* **Exercise data**

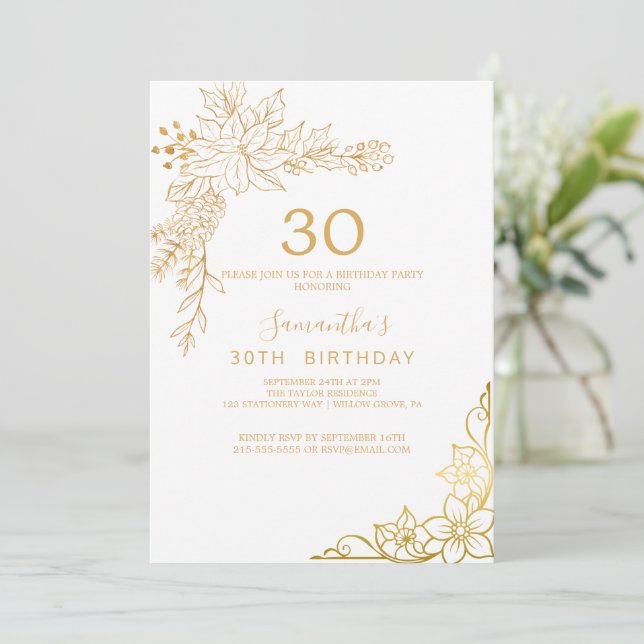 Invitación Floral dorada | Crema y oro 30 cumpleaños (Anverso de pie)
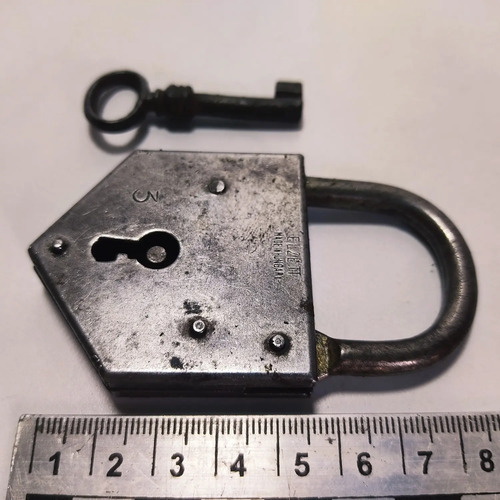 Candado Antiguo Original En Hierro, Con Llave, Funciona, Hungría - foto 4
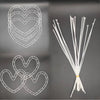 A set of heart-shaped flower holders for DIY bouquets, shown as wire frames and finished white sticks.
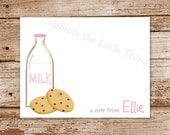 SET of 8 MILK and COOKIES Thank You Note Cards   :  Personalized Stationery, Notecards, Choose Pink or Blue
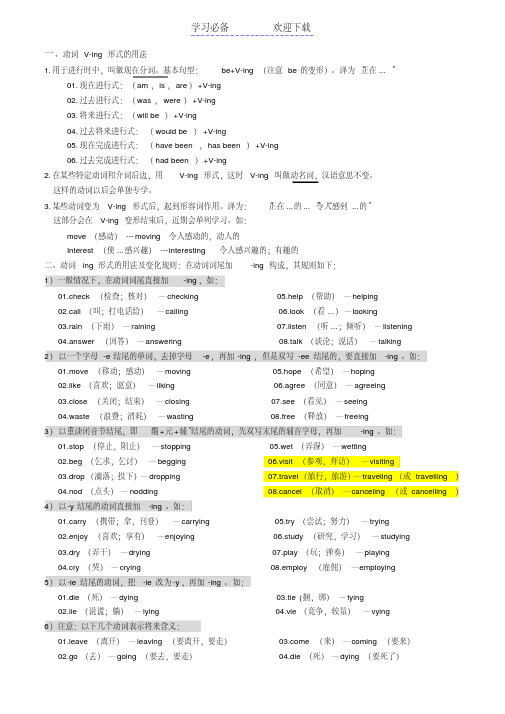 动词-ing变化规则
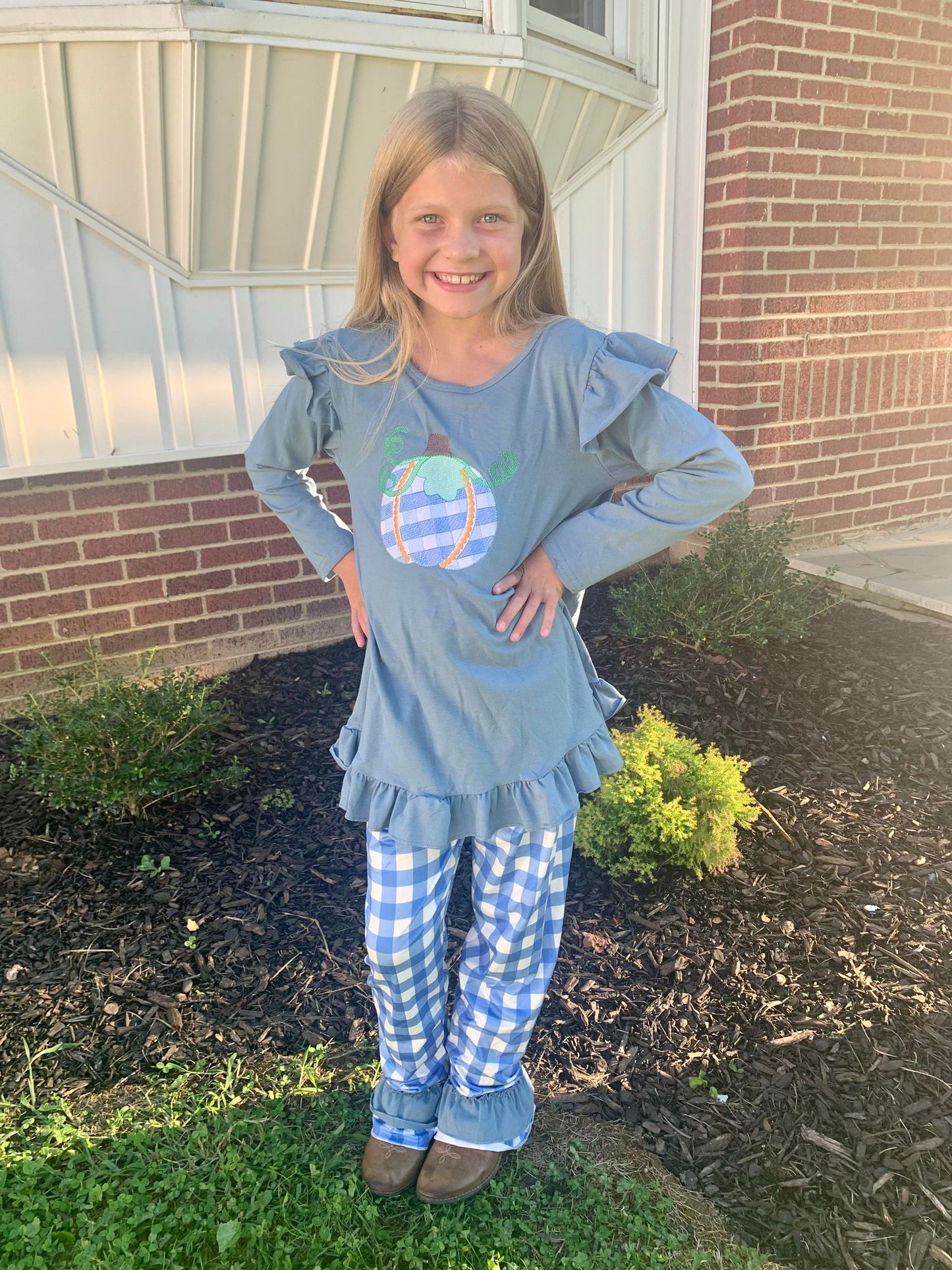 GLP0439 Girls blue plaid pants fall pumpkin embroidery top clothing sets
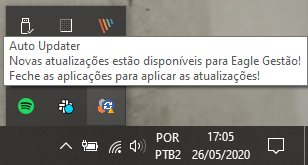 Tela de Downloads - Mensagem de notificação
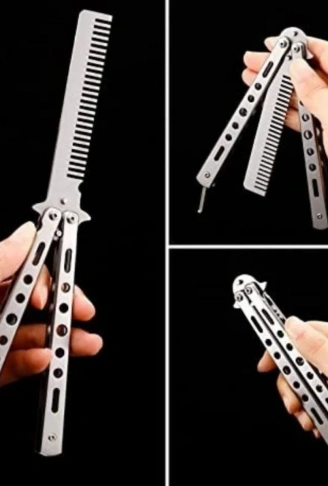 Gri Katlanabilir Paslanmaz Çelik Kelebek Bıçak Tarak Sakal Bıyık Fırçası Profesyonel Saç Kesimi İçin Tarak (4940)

* * *

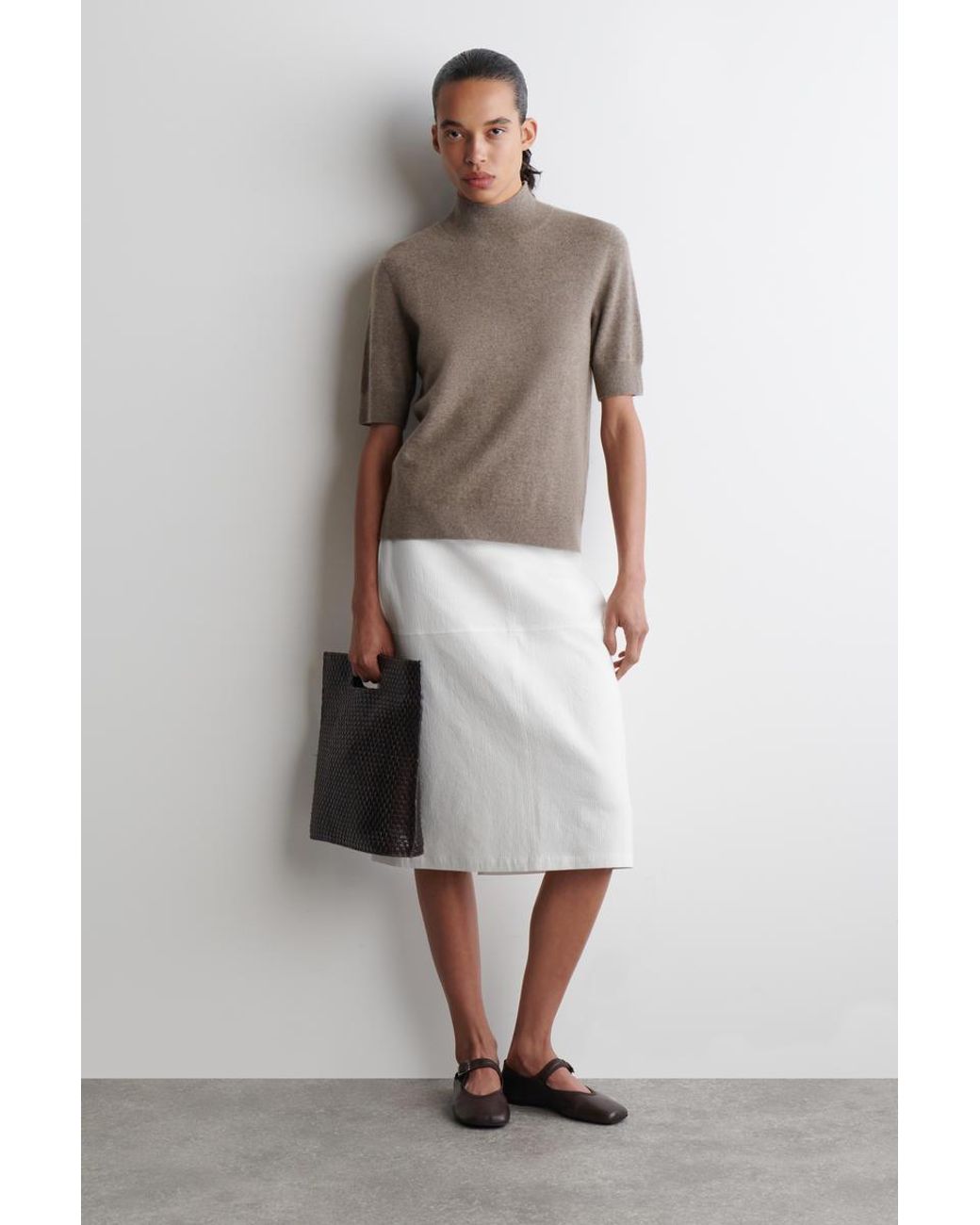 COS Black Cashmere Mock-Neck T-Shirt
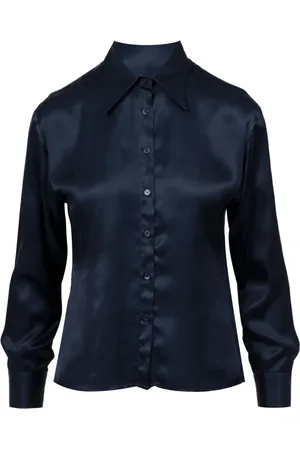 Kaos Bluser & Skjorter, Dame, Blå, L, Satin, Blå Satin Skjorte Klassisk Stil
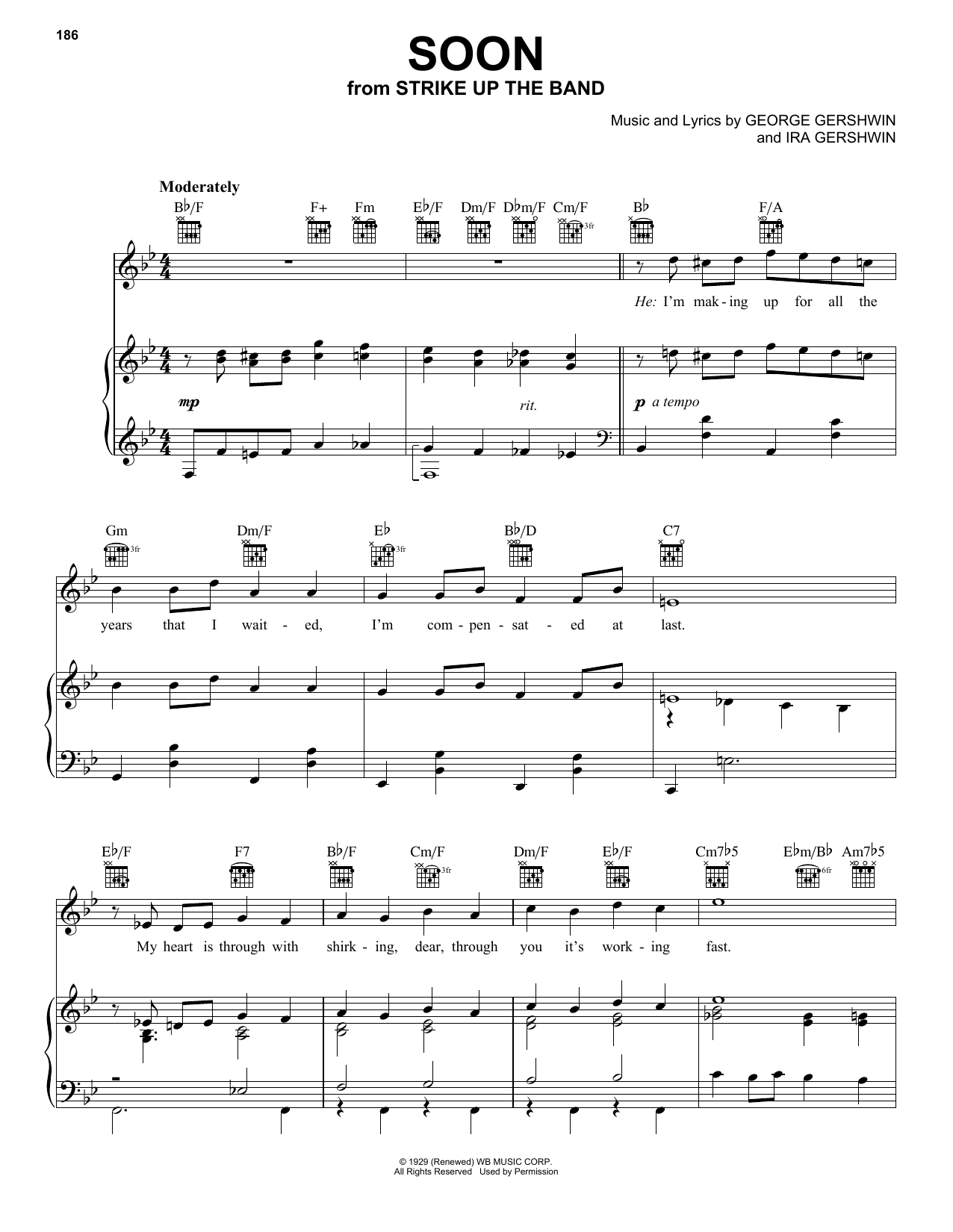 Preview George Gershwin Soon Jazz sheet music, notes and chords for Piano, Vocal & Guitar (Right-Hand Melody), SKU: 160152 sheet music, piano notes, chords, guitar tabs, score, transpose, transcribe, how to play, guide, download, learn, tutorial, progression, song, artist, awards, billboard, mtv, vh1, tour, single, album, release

* **Problem details**
Return only the stretch above from the line containing "A set of heart-shaped" through the line containing "Gri Katlanabilir Paslanmaz", word for word and without pictures.

* **Answer section**
 A set of heart-shaped flower holders for DIY bouquets, shown as wire frames and finished white sticks.
 SET of 8 MILK and COOKIES Thank You Note Cards   :  Personalized Stationery, Notecards, Choose Pink or Blue
 动词-ing变化规则
 GLP0439 Girls blue plaid pants fall pumpkin embroidery top clothing sets
 Tela de Downloads - Mensagem de notificação
 Gri Katlanabilir Paslanmaz Çelik Kelebek Bıçak Tarak Sakal Bıyık Fırçası Profesyonel Saç Kesimi İçin Tarak (4940)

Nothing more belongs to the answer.